The Carmelite monastery in Philadelphia, which has existed since 1902, appears to be closing.
Another blog posted April 29 that the cloistered order's website had been updated to say: "It has been with shock and sadness that the Carmelite nuns left Philadelphia and returned to Valparaiso Nebraska, leaving Mother Pia alone," said Phatmass.com. "The future of the monastery is in jeopardy and there is a real chance that there will not be a Carmel of nuns in the Archdiocese of Philadelphia."
Kenneth A. Gavin, chief communications officer for the Archdiocese of Philadelphia, confirmed that all but one of the nuns were gone.
"The Carmelite nuns who had recently been living at the Carmelite Monastery of Philadelphia, made the decision to transfer to the Carmelite Monastery of Valparaiso, Nebraska. That action was taken of their own volition," Gavin said in a written statement. "It is with great sadness that we learned of this decision as it resulted in leaving a sole surviving member at the Philadelphia Carmel. The first priority at this time is to provide for her residency, future welfare, and life as a consecrated religious."
The Discalced Carmelites are a contemplative order that rarely, if ever, leave the monastery; visitors are met from behind a screen.
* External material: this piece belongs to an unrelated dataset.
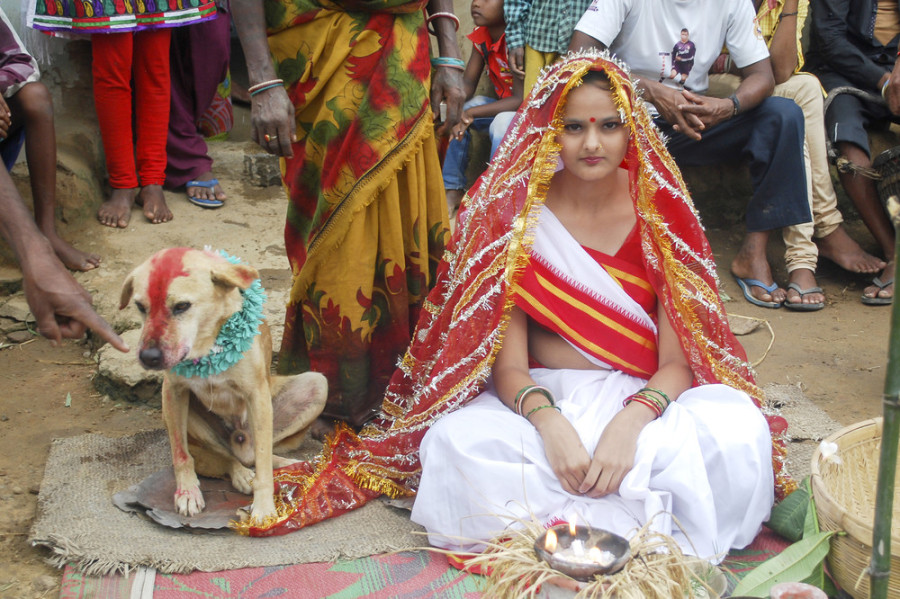 Exorcise Ghosts by Marrying Animals | India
In 2015, the monastery was down to six nuns, and by 2017 there were only three active members. But that summer, 10 new nuns arrived: Six from the Carmel of Jesus, Mary and Joseph in Valparaiso, Nebraska, and four from a monastery in Elysburg, Pennsylvania. The Elysburg monastery was established in 2009 by nuns from Valparaiso, which has been growing rapidly since its founding in 2001. The Priestly Fraternity of St. Peter, which helped build the Valparaiso monastery, said in 2009 that the Nebraska order had 33 nuns, while Carmelite monasteries are usually limited to 21.
The prioress of the Philadelphia monastery in 2018, when the 10 new nuns arrived, who kept the tradition of not giving her name, told CatholicPhilly.com that the new nuns "are all in their 20s and 30s and they are all devout, intelligent and talented, and many were home-schooled. They want an authentic Carmelite vocation."
The website also asks supporters to pray various novenas to prevent the monastery's closure, and to write to both the Archbishop of Philadelphia and the prefect for the Congregation for Institutes of Consecrated Life and Societies of Apostolic Life.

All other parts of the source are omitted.